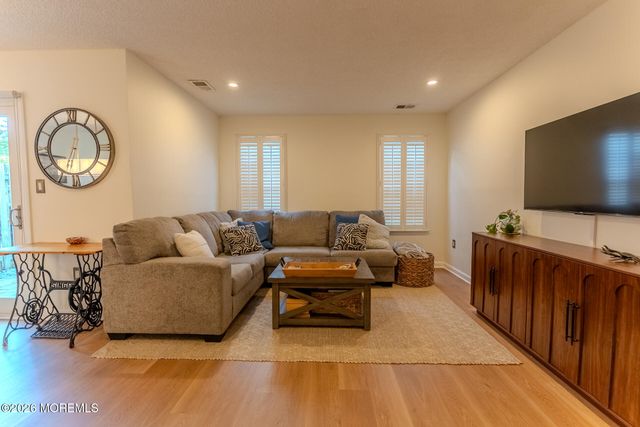 33 Farragut Square, Freehold, NJ 07728
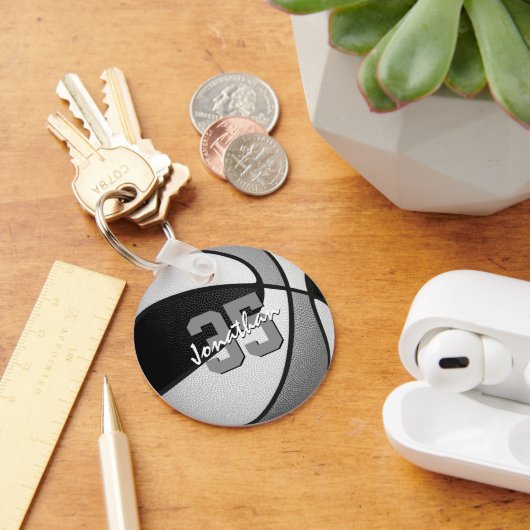 Koop 1 of in bulk zwart grijs aangepaste basketbal sleutelhanger (Bureau)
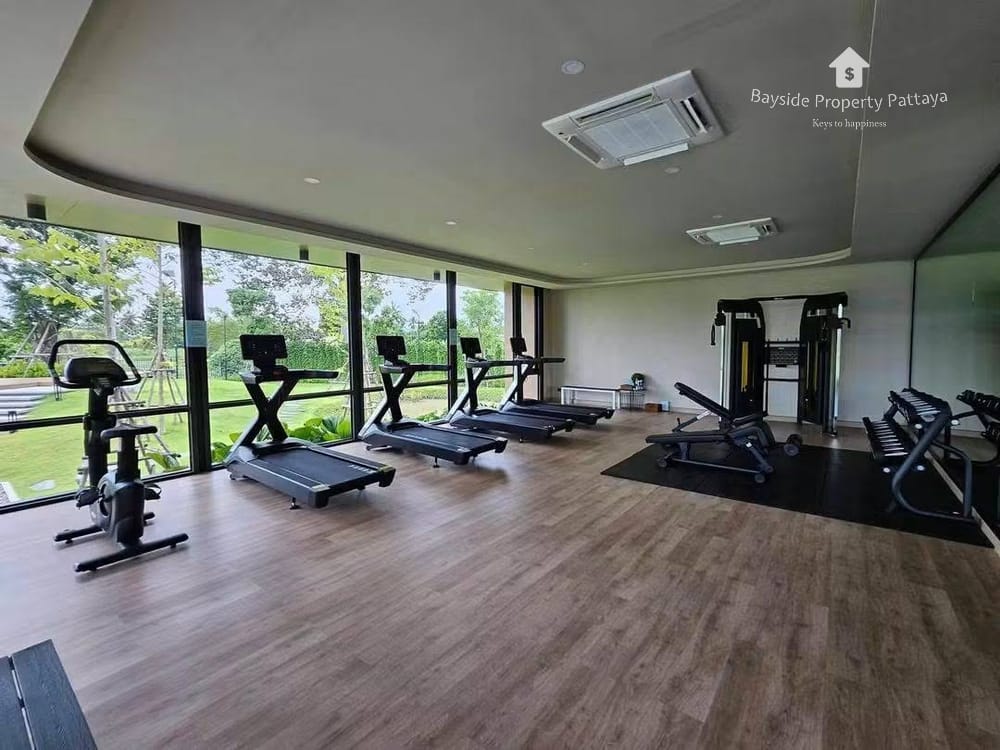 Spacious 4-Bedroom Villa for Rent in Nong Pla Lai, Pattaya with Air Conditioning 25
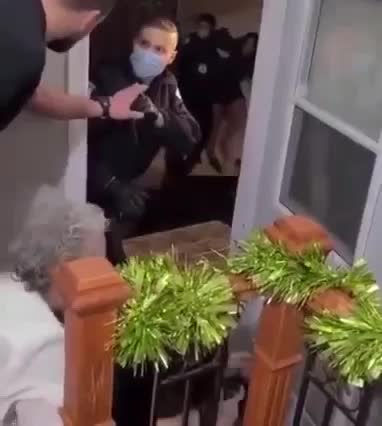 La CAQ défoncent la porte à Noël chez une grand-maman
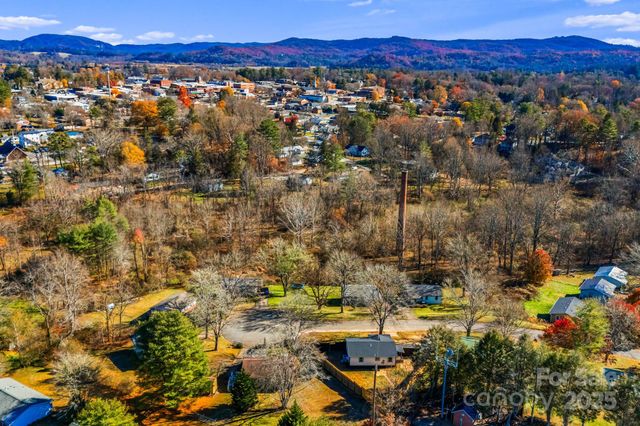 95 Loeb Drive, Brevard, NC 28712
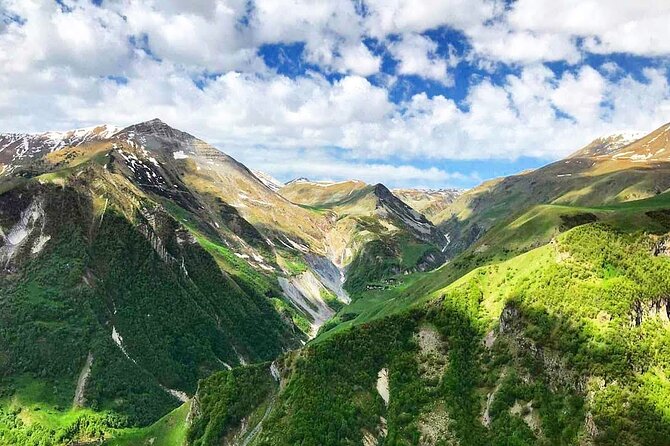 From Tbilisi: Kazbegi Ananuri Gudauri and Trusso Valley by 4x4 - Getting started in Tbilisi: meeting point, timing, and how to avoid stress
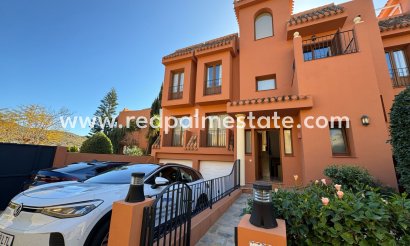 Villa - Återförsäljning - La Manga - Costa Calida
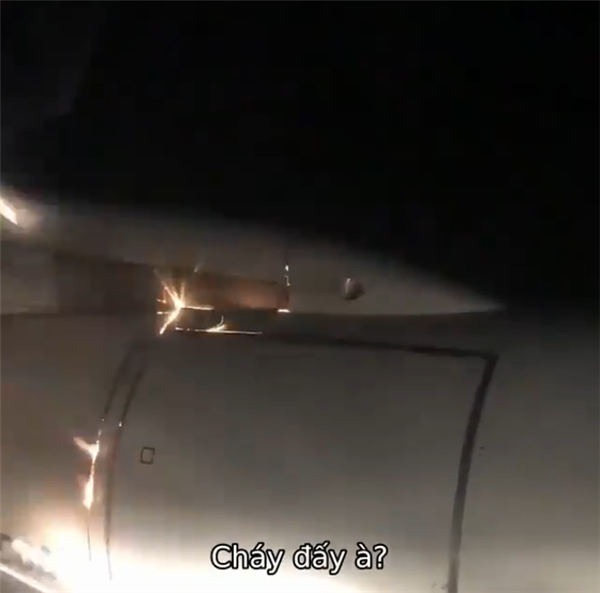 Clip: Hành khách cười đùa quay clip không chút sợ hãi dù thấy máy bay đang bốc cháy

◆ ABOUT THIS EXERCISE: Starting at the line that contains "Villa - Återförsäljning", output every line through the end of the data, both ends included, and nothing else; pictures stay out.

◆ SOLUTION TO THIS EXERCISE:
 Villa - Återförsäljning - La Manga - Costa Calida
 Clip: Hành khách cười đùa quay clip không chút sợ hãi dù thấy máy bay đang bốc cháy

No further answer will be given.